Hey. I'm totally new when it comes to programming in Perl. But I have to make a project and I have no idea how to do it. Maybe someone can help me. The script have to load several sequences in the format FASTA placed in one file.
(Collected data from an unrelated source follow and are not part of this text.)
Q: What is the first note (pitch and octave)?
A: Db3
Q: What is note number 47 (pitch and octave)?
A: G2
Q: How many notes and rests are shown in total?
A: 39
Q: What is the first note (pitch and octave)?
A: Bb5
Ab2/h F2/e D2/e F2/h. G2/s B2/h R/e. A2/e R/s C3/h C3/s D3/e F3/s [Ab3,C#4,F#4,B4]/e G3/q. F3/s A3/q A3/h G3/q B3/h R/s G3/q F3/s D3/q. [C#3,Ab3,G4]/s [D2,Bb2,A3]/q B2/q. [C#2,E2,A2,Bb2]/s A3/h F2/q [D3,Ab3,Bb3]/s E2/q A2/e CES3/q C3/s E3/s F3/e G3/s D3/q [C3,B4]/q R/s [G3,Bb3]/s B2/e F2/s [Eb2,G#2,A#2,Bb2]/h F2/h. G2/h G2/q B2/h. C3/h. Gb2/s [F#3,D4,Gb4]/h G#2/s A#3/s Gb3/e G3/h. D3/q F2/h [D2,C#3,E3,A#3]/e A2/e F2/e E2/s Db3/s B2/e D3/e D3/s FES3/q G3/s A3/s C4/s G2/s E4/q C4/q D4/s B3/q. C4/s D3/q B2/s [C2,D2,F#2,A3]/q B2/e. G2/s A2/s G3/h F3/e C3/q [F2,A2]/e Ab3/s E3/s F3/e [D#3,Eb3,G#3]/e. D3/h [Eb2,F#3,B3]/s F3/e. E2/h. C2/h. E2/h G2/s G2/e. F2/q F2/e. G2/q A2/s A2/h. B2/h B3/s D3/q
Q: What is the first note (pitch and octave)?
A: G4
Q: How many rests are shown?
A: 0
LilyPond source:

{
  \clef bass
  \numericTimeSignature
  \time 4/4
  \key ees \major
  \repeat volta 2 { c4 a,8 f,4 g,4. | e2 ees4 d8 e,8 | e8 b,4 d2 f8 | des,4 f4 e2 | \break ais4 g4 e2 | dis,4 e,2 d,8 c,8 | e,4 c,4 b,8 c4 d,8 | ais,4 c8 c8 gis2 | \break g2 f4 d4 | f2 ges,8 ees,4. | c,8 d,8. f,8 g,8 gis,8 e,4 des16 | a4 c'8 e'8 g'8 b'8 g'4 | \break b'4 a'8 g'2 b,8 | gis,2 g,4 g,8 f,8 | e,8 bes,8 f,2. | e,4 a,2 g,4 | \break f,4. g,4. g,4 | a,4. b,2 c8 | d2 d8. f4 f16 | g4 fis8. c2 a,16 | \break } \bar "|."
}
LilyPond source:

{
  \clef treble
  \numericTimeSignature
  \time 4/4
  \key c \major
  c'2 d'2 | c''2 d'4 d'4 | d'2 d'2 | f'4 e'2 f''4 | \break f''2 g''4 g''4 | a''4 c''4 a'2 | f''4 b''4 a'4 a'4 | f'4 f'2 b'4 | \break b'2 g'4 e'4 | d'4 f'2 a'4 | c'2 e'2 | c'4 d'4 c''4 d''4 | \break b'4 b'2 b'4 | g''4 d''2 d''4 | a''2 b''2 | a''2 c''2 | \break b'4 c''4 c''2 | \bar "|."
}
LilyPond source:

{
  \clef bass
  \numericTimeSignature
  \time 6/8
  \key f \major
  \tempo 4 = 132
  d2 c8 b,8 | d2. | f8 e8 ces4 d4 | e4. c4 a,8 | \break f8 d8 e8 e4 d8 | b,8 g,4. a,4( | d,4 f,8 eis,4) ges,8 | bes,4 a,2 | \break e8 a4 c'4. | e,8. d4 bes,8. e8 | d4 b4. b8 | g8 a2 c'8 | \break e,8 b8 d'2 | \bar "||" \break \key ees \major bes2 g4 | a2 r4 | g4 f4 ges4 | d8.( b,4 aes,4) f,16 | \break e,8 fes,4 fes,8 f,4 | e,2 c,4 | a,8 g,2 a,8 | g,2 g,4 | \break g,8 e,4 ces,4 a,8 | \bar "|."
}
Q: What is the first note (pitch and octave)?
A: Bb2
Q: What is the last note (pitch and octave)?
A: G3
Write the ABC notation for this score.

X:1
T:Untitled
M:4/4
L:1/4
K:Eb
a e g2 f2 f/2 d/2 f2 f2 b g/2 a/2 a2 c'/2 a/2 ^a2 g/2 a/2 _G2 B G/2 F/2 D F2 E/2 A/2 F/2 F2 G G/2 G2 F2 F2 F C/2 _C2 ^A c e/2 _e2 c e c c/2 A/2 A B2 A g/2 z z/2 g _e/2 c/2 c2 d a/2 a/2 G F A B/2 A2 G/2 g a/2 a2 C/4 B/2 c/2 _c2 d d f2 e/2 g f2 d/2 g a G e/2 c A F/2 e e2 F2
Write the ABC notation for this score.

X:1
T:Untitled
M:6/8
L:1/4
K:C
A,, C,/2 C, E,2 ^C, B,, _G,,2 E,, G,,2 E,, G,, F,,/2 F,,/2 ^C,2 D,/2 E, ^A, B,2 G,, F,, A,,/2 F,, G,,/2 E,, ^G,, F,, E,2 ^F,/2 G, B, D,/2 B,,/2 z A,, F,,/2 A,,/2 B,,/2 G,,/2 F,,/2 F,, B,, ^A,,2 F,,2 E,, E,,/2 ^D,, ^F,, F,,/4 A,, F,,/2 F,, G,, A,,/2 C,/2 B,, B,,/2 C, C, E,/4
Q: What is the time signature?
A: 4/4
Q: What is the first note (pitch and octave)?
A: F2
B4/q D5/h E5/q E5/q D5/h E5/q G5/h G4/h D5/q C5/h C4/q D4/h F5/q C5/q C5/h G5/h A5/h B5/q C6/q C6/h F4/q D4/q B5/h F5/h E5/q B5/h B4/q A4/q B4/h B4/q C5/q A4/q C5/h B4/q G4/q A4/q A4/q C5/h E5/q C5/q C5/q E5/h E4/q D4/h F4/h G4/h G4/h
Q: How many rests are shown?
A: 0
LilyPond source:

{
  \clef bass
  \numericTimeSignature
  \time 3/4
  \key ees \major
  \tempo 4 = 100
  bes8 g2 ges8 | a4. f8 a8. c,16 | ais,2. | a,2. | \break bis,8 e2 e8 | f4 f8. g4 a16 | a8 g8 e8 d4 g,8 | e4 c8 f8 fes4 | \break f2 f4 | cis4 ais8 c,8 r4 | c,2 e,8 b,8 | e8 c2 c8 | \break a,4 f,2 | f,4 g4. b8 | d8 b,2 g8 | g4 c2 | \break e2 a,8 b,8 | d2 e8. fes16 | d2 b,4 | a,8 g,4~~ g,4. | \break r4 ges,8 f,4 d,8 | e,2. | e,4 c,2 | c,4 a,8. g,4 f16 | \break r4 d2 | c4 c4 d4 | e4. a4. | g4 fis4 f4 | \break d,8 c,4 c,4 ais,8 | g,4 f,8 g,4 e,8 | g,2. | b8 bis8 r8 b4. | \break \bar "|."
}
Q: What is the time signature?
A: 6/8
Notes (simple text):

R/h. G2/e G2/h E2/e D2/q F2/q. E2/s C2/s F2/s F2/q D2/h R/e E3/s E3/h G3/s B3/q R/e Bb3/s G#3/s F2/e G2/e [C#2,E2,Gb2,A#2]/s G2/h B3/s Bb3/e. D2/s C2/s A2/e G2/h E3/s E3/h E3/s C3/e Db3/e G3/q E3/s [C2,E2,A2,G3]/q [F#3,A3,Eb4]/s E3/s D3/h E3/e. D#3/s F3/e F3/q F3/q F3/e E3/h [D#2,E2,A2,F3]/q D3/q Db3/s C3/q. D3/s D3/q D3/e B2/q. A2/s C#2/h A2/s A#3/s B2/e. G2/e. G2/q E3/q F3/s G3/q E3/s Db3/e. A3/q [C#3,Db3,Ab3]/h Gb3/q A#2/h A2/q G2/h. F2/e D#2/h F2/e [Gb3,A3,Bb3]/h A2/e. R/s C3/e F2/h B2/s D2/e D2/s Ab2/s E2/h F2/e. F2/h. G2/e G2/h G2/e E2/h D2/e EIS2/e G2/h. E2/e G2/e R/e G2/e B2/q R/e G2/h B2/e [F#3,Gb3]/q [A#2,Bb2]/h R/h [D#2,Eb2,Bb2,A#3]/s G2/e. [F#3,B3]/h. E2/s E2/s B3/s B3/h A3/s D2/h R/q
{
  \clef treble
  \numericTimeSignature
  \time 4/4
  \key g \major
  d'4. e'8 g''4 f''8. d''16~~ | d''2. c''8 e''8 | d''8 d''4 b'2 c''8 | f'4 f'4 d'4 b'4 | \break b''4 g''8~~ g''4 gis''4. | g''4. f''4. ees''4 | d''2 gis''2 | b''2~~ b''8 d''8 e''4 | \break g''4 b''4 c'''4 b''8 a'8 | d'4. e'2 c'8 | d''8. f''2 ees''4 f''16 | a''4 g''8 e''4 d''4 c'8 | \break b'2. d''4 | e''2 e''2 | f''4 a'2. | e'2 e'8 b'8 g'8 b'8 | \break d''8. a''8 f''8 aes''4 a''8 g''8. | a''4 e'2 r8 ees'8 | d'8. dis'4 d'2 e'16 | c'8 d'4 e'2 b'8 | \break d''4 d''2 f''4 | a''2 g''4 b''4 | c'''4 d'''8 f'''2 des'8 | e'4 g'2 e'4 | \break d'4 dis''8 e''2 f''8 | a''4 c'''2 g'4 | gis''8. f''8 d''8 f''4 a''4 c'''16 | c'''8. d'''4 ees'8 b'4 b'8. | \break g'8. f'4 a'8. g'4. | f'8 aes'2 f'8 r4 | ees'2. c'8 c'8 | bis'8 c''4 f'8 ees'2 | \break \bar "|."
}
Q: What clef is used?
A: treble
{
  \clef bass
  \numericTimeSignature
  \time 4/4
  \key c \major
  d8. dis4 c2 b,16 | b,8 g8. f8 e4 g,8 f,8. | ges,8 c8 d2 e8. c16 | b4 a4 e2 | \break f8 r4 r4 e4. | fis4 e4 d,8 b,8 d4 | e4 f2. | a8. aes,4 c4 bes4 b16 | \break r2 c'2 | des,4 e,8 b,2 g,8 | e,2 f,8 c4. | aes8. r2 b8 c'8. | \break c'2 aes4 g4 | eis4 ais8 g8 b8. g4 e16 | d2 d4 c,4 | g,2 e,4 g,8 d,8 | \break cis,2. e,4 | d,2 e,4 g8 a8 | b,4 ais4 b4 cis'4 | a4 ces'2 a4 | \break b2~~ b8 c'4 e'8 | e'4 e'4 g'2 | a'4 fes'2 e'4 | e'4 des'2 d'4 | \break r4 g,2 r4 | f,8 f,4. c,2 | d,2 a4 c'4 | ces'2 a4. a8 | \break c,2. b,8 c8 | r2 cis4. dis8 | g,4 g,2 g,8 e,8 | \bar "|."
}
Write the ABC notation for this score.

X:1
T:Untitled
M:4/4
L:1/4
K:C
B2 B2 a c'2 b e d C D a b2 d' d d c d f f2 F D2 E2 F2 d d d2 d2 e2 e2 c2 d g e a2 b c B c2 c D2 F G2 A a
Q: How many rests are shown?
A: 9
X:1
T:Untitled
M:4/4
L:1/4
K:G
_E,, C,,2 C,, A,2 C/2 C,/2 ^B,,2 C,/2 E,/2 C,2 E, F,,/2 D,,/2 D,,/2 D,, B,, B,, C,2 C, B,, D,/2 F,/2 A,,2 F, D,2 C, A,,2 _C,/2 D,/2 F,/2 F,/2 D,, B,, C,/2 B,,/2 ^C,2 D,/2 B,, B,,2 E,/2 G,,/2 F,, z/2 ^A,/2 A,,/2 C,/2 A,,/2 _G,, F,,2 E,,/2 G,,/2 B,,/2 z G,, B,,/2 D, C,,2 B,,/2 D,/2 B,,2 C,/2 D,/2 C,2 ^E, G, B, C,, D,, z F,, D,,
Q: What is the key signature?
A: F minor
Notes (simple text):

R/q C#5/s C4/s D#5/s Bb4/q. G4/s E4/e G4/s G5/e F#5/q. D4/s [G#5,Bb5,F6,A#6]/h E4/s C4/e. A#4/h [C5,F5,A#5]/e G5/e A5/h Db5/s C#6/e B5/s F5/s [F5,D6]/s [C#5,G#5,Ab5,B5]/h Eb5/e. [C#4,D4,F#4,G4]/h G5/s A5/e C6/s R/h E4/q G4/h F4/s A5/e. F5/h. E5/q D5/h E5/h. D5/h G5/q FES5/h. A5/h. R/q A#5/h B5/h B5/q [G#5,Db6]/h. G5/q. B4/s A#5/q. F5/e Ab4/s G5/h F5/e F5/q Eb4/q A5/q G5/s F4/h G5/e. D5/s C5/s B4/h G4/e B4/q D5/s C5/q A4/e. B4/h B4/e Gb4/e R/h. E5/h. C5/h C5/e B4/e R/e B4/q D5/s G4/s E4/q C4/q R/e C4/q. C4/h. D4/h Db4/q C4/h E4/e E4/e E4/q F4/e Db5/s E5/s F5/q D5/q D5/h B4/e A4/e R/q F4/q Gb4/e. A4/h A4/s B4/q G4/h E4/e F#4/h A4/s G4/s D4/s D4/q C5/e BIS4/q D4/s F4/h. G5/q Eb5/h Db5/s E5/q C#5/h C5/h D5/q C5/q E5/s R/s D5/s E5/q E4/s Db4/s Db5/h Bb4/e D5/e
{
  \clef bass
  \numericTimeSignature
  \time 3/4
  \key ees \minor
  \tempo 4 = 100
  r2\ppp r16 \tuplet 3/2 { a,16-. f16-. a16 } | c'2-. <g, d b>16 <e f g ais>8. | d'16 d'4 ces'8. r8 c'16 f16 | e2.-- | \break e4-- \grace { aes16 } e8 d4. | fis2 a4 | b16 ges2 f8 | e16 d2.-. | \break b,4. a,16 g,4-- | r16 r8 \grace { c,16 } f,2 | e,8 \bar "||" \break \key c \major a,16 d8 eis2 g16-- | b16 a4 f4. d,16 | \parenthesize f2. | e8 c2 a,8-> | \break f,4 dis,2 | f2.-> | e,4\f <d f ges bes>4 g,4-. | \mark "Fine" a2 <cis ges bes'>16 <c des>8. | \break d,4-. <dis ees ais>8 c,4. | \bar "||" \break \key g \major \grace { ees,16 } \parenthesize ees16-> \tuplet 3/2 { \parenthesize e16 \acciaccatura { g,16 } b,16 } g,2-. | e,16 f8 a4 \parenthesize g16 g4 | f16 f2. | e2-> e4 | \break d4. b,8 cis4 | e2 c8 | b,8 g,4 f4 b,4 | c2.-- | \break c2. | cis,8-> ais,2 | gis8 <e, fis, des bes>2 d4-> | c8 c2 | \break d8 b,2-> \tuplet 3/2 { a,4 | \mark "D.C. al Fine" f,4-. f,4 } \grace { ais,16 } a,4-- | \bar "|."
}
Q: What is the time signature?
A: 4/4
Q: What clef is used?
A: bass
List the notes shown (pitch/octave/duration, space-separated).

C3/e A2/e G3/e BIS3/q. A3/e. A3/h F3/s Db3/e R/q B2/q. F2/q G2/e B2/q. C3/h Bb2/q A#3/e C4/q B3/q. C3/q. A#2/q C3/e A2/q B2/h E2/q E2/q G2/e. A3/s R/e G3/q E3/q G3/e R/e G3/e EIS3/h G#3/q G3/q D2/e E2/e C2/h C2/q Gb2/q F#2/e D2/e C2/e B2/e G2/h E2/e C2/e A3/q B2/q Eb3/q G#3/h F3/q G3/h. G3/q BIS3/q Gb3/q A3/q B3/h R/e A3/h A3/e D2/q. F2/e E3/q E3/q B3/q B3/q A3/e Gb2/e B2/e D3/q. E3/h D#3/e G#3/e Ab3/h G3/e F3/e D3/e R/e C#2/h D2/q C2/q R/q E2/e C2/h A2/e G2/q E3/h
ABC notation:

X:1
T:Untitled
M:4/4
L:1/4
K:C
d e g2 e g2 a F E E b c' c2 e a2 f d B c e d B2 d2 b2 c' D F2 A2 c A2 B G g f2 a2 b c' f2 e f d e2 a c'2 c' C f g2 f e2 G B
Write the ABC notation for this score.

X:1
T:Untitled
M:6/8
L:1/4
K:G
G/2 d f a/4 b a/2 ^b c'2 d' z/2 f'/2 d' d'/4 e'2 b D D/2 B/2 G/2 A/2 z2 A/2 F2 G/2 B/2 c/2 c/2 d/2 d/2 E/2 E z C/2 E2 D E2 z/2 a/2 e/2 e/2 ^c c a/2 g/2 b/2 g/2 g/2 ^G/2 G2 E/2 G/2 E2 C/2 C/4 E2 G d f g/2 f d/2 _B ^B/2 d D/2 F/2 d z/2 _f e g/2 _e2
Example input file attached (for example 'gens.txt'):
>A
AGTATCGGACCCGAAGACATTACGCTTAGAGACTTGAAAA
CCTACAGTAAAGAAGCAGCGTCTGGATATCTGGAAGACAA
CGGATTGAAGCTTGTAGAAAAAGAAGCATACTCAGATGAT
GTTCCAGAAGGACAGGTTGTCAAACAAAAACCAGCAGCAG
GTACGGCAGTAAAGCCGGGAAACGAAGTTGAAGTGACATT
CTCTCTCGGACCAGAGAAAAAACCTGCGAAAACAGTGAAA
GAAAAGGTCAAGATCCCCTACGAACCAGAAAATGAAGGGG
ACGAGCTTCAAGTGCAAATCGCGGTTGACGATGCGGATCA
>B
CCATATCGGAGACAGCAGATGCTATTTGCTTCAGGACGAT
GATTTCGTTCAAGTGACAGAAGACCATTCGCTTGTAAATG
AACTGGTTCGCACTGGAGAGATTTCCAGAGAAGACGCTGA
ACATCATCCGCGAAAAAATGTGTTGACGAAGGCGCTTGGA
ACAGACCAGTTAGTCAGTATTGACACCCGTTCCTTTGATA
TAGAACCCGGAGACAAACTGCTTCTATGTTCTGACGGACT
GACAAATAAAGTGGAAGGCACTGAGTTAAAAGACATCCTG
TGGACAAAGCCAATCAGAATGGCGGAGAAGGCGGAGAAGC
>C
ATAAAACAACGGTATTTGCCGGTCAGTCCGGTGTTGGGAA
ATCCTCGCTTCTCAACGCGATCAGTCCGGAGCTCGGATTA
AGAACAAACGAGATTTCCGAGCATTTGGGCCGCGGGAAAC
ACACAACCCGCCACGTGGAGCTGATTCACACGTCCGGAGG
TTTGGTTGCAGATACACCGGGATTCAGCTCGCTTGAATTT
ACAGACATTGAGGAAGAAGAGCTGGGCTATACCTTCCCTG
ATATCAGAGAAAAAAGCTCTTCATGCAAATTTAGAGGCTG
TTTACATCTGAAAGAGCCGAAATGTGCGGTGAAACAAGCT
Then the script should check how similar are the sequences and print percent identity, and then it should also generate a consensus sequence.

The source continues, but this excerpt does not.